ERA UMA VEZ UMA FÁBULA RICA – 18.9.18, CRÓNICA 211

Era uma vez uma terra que se achava muito rica e abastada e os melhores saíam para outros países e não mais voltavam. Os mais pobres retornavam todos os anos em procissões várias na companhia azul de caravelas açorianas, sempre às turras com ventos e marés sem cumprir horários de monção, sujeita a cancelamentos e desvios de rota. A terra rica foi vivendo pacatamente esquecida do mundo, em mares de bruma e nevoeiros, com ventos mata-vacas, uns tremores e vulcões quase silenciosos.

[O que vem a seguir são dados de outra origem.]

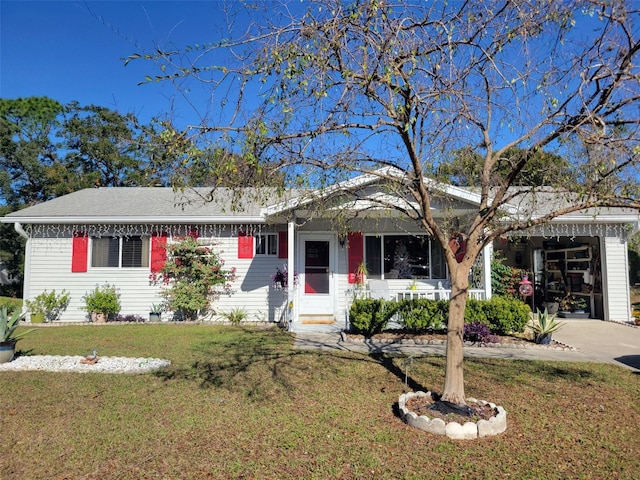 single story home with a front lawn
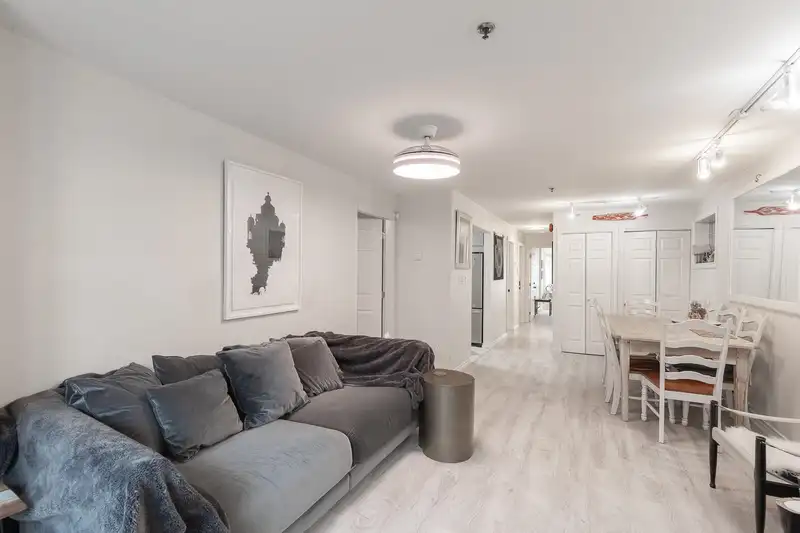1 451 E PENDER STREET - photo 4 of 27
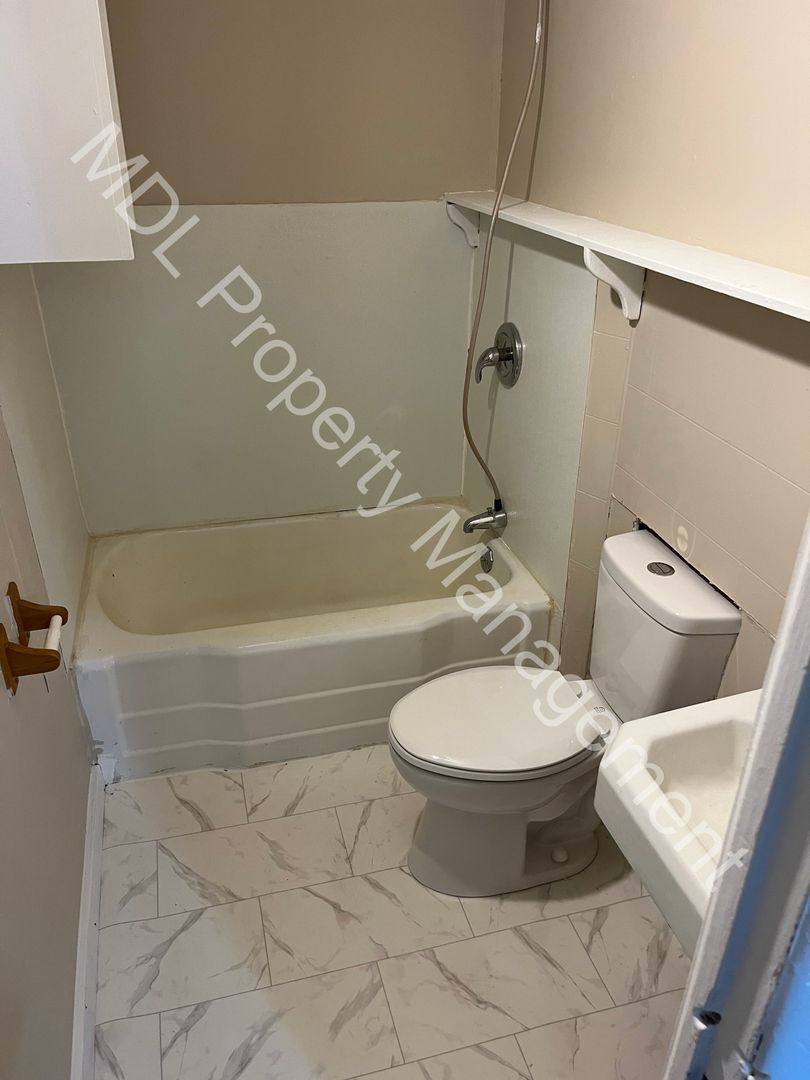 Apartment for rent at 727 N Hamilton St, Saginaw, MI 48602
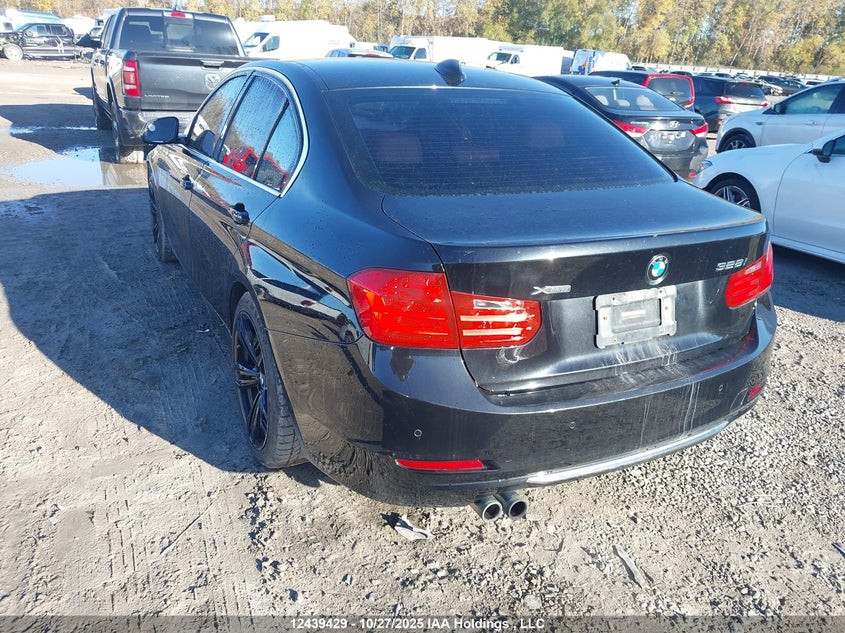WBA3B3G55FNT17226 2015 BMW 3ER photo no. 3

Como terra pobre que queria ser rica, os pobres de outras partes descobriram na Ryanair, o afortunado povo de gente feliz com vacas e vieram visitar e conhecer, para aprenderem os segredos que se escondiam, em que ora uns ora outros dividiam entre si e os seus, o que a terra proporcionava, sempre com novas riquezas a serem anunciadas.

Escondida havia pedofilia, violência doméstica, mau aproveitamento escolar, maus tratos a idosos, processos municipais contra cientistas (aparentemente não eram muito apreciados). Lá surgia de vez em quando um ou outro escândalo, mas como sempre a indignação das gentes nunca durava mais do que três dias, bem contados, que o povo temente a deus, amante da bola e da música não tinha capacidade de se concentrar muito tempo sobre um só tema.

Se as coisas não corriam bem a culpa não era de quem mandava, mas dos subalternos, removidos como quem afasta a mosca irritante, como na Austrália, quando se agitavam as mãos no “Australian salute” e se abanava o chapéu com rolhas de cortiça penduradas para afugentar coleópteros e dípteras. Tenho de admitir imodestamente que gostei da analogia.

As gentes nem notavam a mudança de moscas. Perpetuavam a secular e abúlica apatia, costas vergadas, sem notarem que a terra era comandada à distância, pelos senhores que a tinham arrendado com a condição de não fazerem benfeitorias. Uma vez por outra, visitavam, acenando, distribuindo beijos, abraços e “selfies” na promessa de dias melhores e mais ricos, ouvindo o queixume das gentes ingratas e prometiam satisfazer o descontentamento.

Os chefes eram promovidos para calar os insatisfeitos. Tudo permanecia, ordeira e pacatamente, a uma única voz. Quando chegava o dia de mudar de arrendatários, os que tinham ficado sem estradas, escolas, polidesportivos tinham a sua vez, e os outros esperavam que a roda da fortuna mudasse.